They evaluate the risk.

Bill Black

Should we take it and if so, at what price? Right. So, it’s the most critical thing that you would never do if you were an honest banker, which is of course how spoiler alert, we’re going to convict of felonies over a thousand elites, out of the savings and loan debacle, completely different than what’s going to happen in the great financial crisis. OK, so Ed Gray comes in and the first thing he does is he listens to the examiners.

They put in every month these Significant Supervisory Cases, and this is the coming problem. There are roughly three thousand savings and loans and the number in this SSE case book grows from around one hundred to around five hundred. OK, and they are short write-ups, but Gray reads them religiously and he goes. Oh, shit. None of this is running the way the economists claim it’s running, it’s a coming disaster, and then he has the peak of his road to Damascus experience. This wonderful, laconic Texan, with a pronounced Texas twang, no art at all, in a Texas accent, but he knows his stuff about underwriting and such, and he drives and he’s taking pictures like the eight-millimeter stuff in those days. This is 1982-ish, 1983-ish. So, he’s driving for miles with the camera stuck out and narrating as he’s going along. In an utterly no inflection voice. He’s not excited, Gray calls it financial pornography, watching it because it’s mile after mile after mile of real estate developments that aren’t really being developed where they are just wasting all the material. You can see it rotting on the ground and it goes on for over an hour driving around this huge complex, even goes up in a plane and does the same thing looking down. Many of these things were so bad that they never got beyond the concrete pad for the home.

Paul Jay

And these are all phony loans for building these things.

Bill Black

Right, we call them Martian landing pads.
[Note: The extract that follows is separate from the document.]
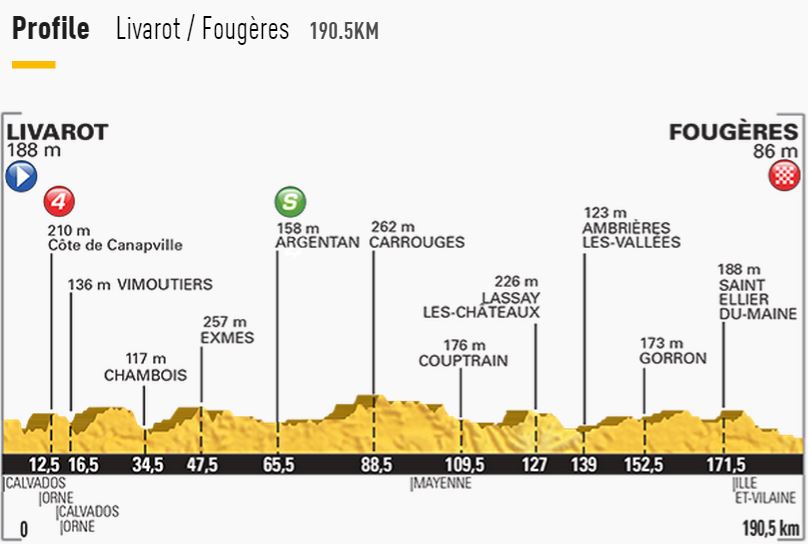 tdf2015 stage7 profile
Gray, who’s this ardent anti-regulator; He really loves Ronald Reagan and Mrs. Reagan, goes this is obscene and it’s going to produce a catastrophe. It is my duty, though, I hate it, to try to do everything I have to throw myself in front of this bus. He predicts to us that it will destroy his career both in business and in politics. He’s like 52 prime, super high in a significant position, a riser, and a personal friend, as I say, of the folks, and he knows it’s going to piss off the Reagans. He starts re-regulating. Charles Keating, alleged super Christian, who’s actually a massive fraudster, is an incredible lobbyist, and since he’s looting Lincoln Savings, what does he care? He knows the institution is going to fail if you spend an extra 20 million on lobbying. So what? So he lobbies like crazy. He hires Alan Greenspan as a lobbyist. Alan Greenspan personally walks around the Senate recruiting the five U.S. senators who will become known as the Keating Five when they meet with us on April 9th, 1987, to try to extort us to not take enforcement action against Lincoln Savings on behalf of and I quote “our good friend Charles Keating” type of thing. When Gray begins this reregulation, this majority at the express request of Charles Keating’s lobbying effort. Keating was a top 100 granter, a donor to Reagan and Bush. He was very politically connected. A majority of the House of Representatives co-sponsored a resolution telling us to stop the re-regulation. The entire leadership of both parties in the House signed that. So think of this, you’ve got the president against you, Vice President Bush is running the financial deregulation task force. He hates you, the chief of staff, the former Marine, the former head of Merrill Lynch hates you and is against you. OMB is trying to destroy you. OMB files a criminal referral against Ed Gray on the grounds that he’s closing too many insolvent savings and loans.

Paul Jay

And how many had he closed by that point? But they were insolvent.

Bill Black

Yes, but you have to understand the highest priority of the Reagan administration vis a vis the savings and loan debacle at all times, the red line was that you could not say it’s going to require a federal bailout, because that would mean the federal deficit was really $150 billion bigger and of course, President Reagan’s top priority was getting the tax cut, and the argument against it was the deficit swelling, and so if they had to admit that the deficit was really much larger, they might not get the tax cut.

Paul Jay

The hole of the bank debt was about 150 billion bucks?

Bill Black

The hole in the insurance fund, so the industry was insolvent on a market value basis by roughly $150 billion, and there were $6 billion in the insurance funds still. So, we went to work every day wondering whether there was going to be a nationwide run for five years.

Paul Jay

How much of this was public at this time?

Bill Black

It was not made public because this was the red line, right? Gray knew that if he crossed this red line he’d be removed immediately. So, we just didn’t talk about how much it was ultimately going to cost, we just went about trying to make sure it cost as little as possible.

Paul Jay

So, thousands of banks are involved in fraud?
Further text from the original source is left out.